Records provided:
-=-=-

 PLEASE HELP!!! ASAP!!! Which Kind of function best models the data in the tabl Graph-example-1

-=-=-

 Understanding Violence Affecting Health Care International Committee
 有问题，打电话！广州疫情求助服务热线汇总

-=-=-

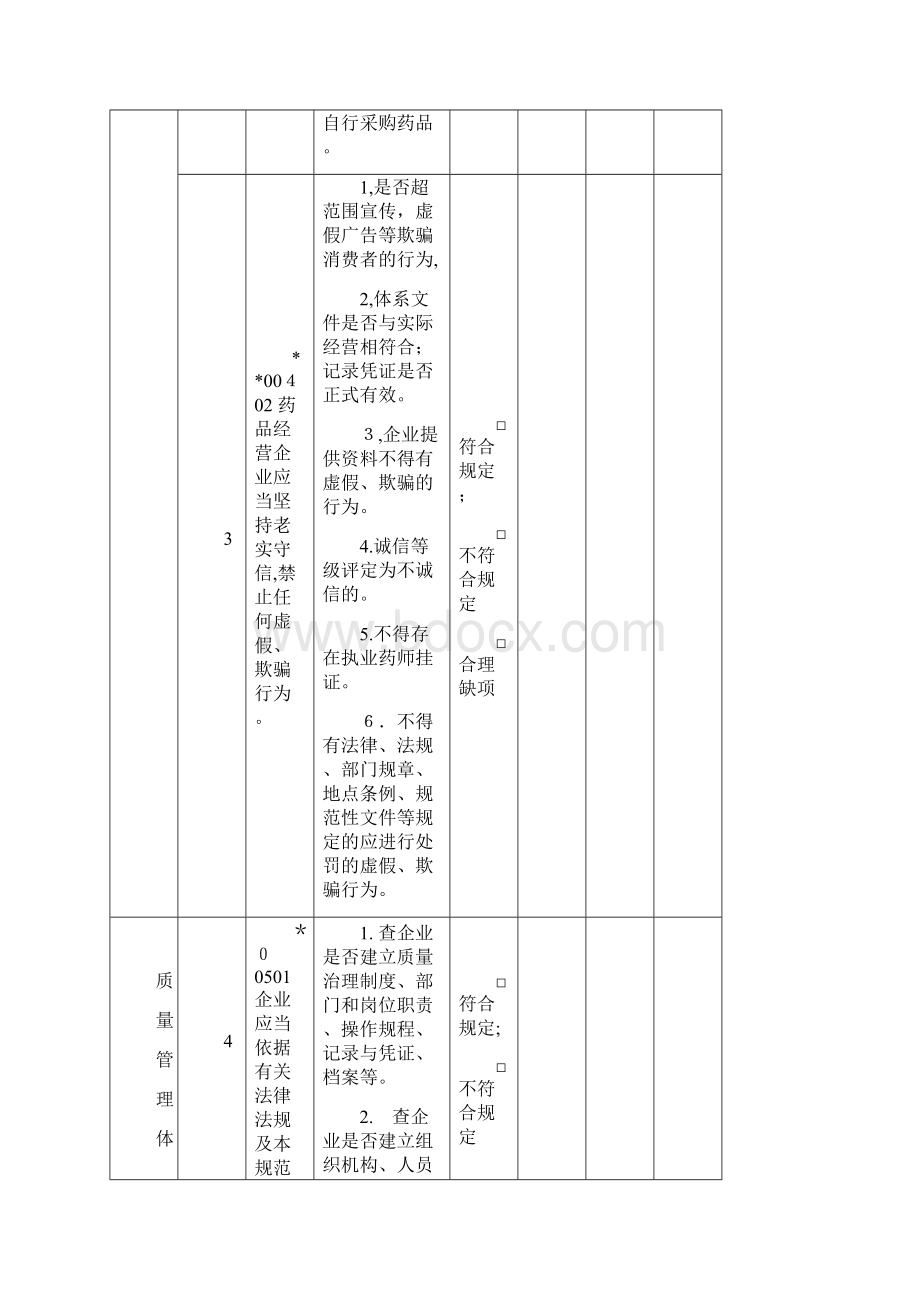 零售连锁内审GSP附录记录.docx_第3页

-=-=-

What is required: Find "Understanding Violence Affecting" in the entries above and copy that whole line exactly, then each line after it through the line that contains "有问题，打电话！广州疫情求助服务热线汇总".

Task result:
 Understanding Violence Affecting Health Care International Committee
 有问题，打电话！广州疫情求助服务热线汇总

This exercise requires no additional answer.